Retype, word for word, the line holding "Jumper Factory Price" and each line after it down to the end of the data; pictures are not copied.

+++

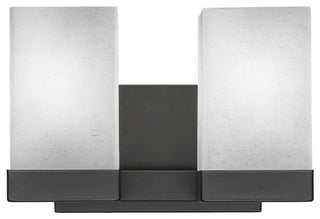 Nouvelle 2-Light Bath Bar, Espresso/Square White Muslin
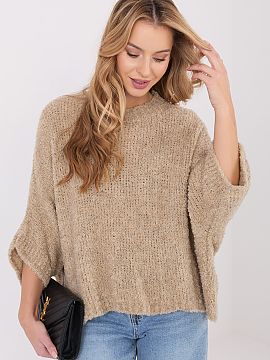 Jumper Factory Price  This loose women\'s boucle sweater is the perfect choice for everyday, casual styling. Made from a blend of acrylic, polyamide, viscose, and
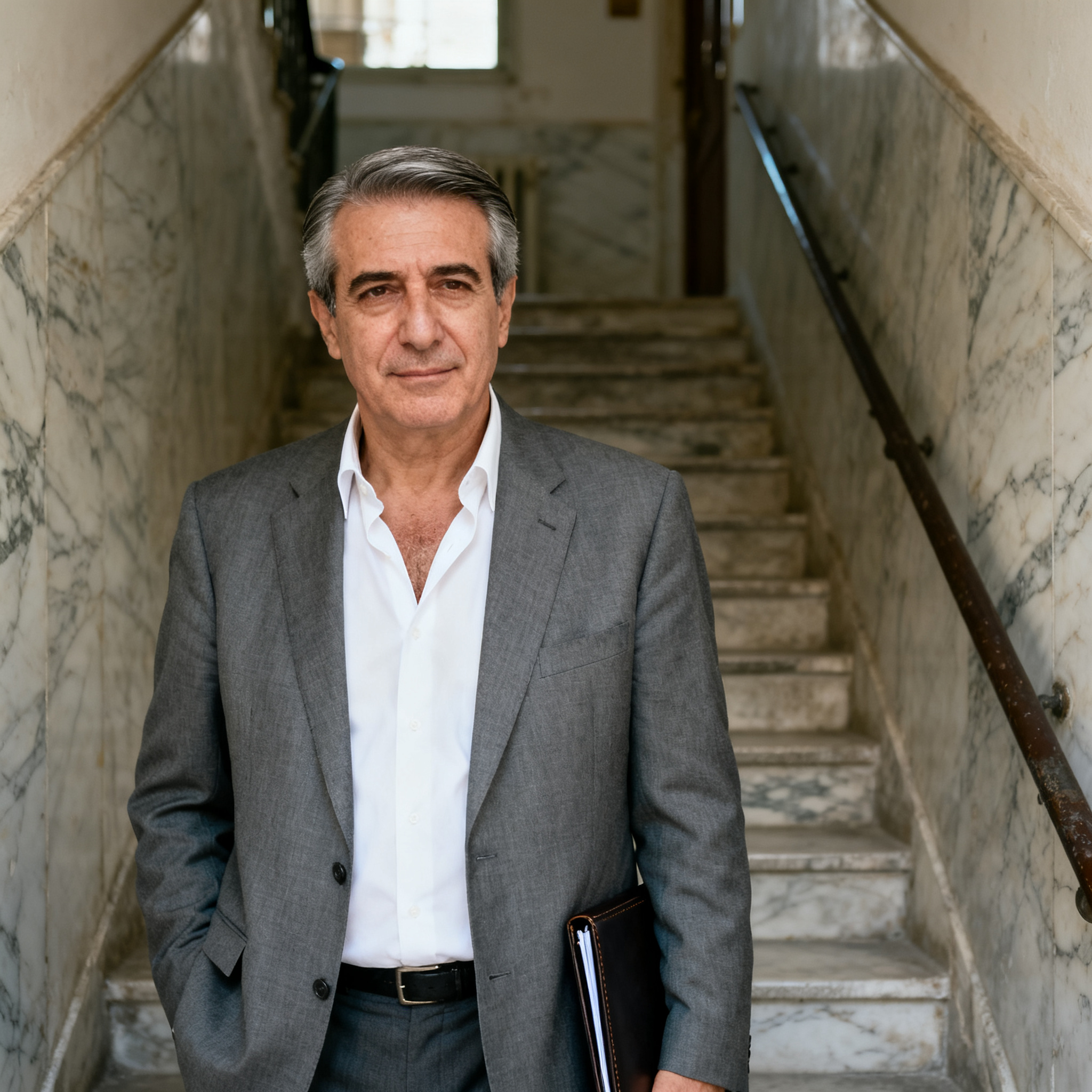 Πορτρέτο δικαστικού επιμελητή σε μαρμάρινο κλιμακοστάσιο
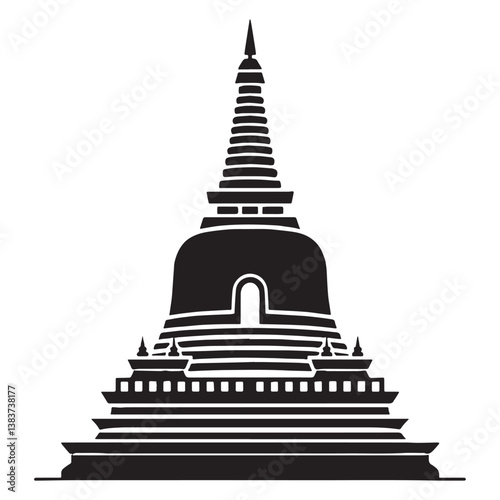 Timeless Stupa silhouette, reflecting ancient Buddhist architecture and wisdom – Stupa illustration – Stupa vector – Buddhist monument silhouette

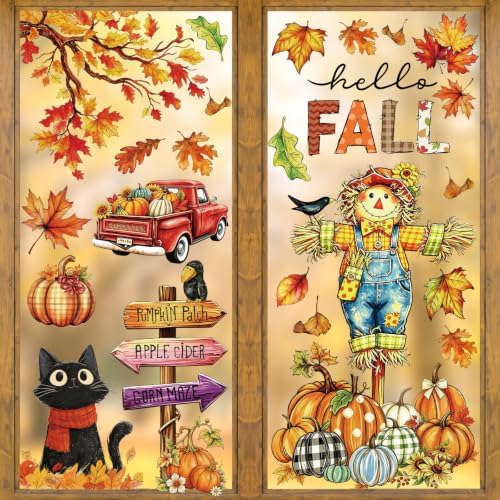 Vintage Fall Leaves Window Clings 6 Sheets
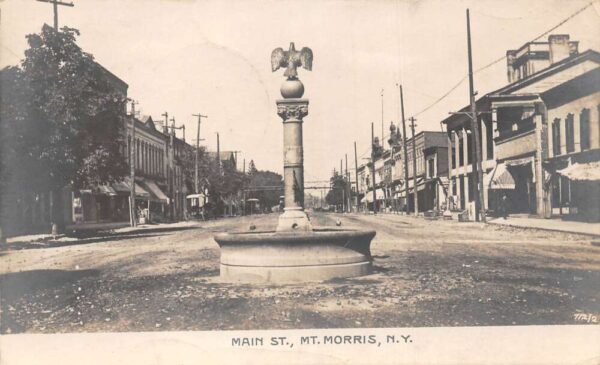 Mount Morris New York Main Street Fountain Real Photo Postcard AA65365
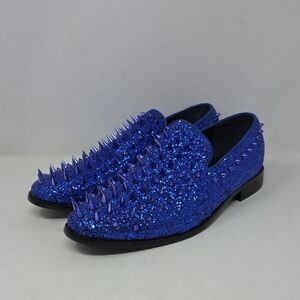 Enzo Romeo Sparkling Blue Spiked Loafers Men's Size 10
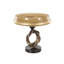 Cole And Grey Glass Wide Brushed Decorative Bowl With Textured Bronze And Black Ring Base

+++

- **TASK RESPONSE**:
 Jumper Factory Price  This loose women\'s boucle sweater is the perfect choice for everyday, casual styling. Made from a blend of acrylic, polyamide, viscose, and
 Πορτρέτο δικαστικού επιμελητή σε μαρμάρινο κλιμακοστάσιο
 Timeless Stupa silhouette, reflecting ancient Buddhist architecture and wisdom – Stupa illustration – Stupa vector – Buddhist monument silhouette

 Vintage Fall Leaves Window Clings 6 Sheets
 Mount Morris New York Main Street Fountain Real Photo Postcard AA65365
 Enzo Romeo Sparkling Blue Spiked Loafers Men's Size 10
 Cole And Grey Glass Wide Brushed Decorative Bowl With Textured Bronze And Black Ring Base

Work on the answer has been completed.